What does that mean?

Up until now, the only way we had to add opacity to an element was to use the opacity CSS property. While it’s working totally fine, the opacity is also applied to all the children of that element, so this solution is not really appropriate if you just want a transparent background on a container.

Take a look at the following demo page to see how RGBA and opacity reacts differently.

Another way would be to use transparent PNGs and use them as background images to achieve the desired effect, but then again it’s not the clean way of doing this and PNG support in IE6 is far from being good.

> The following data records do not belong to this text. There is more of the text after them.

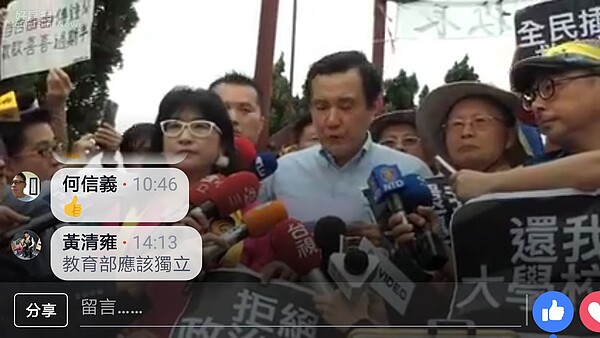 好房網News記者 陳韋帆/直播截圖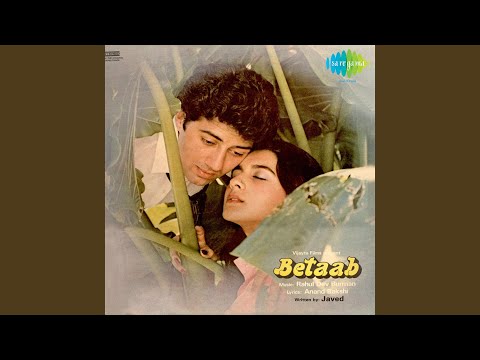 Badal Yun Garaj Hai — watch video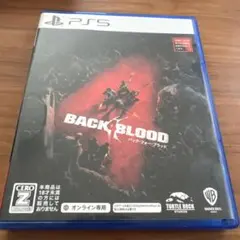 PS5 バック・フォー・ブラッド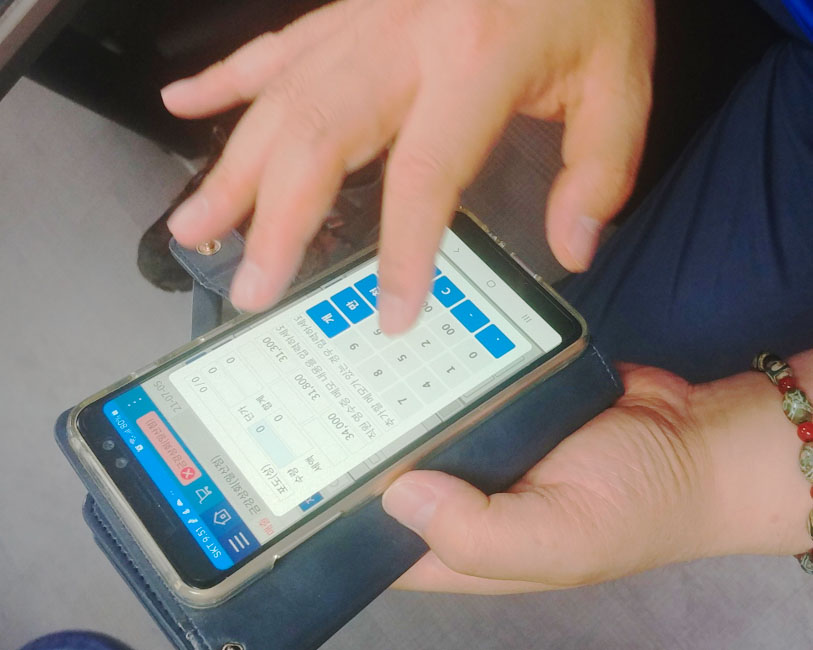 재고 관리까지 이걸로 다 합시다! 유통 프로그램 외 인터넷 회계에서 9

Now you can simply add opacity to the color of your background by defining the background color like so:

#container {
  background: rgba(255,0,0,0.2);
}

The values are the following:

  1. Red color value
  2. Green color value
  3. Blue color value
  4. Alpha value, from 0 (transparent) to 1 (opaque).

Real world usage

As always with CSS3, you need to be careful on how you use it. If opacity on an element is not a major aspect of your design but a nice to have, you can consider RGBA. If your design rely on opacity to look nice, then you’ll have to look at other solutions.

What about degradation?

As you might expect, RGBA is not supported in any current version of Internet Explorer but it’s working as intended in the lastests versions of Chrome, Firefox, Safari, Opera, etc. To ensure at least everyone is able to see a solid background color, you must declare the properties as follow:

#container {
 background: rgb(255,0,0); /* For IE and older browsers */
 background: rgba(255,0,0,0.2);
 }

So when a browser sees the first value, it’ll apply it to the element, if it supports RGBA, it’ll override the first declaration with the second one. This way you’re sure everyone will at least see a solid background.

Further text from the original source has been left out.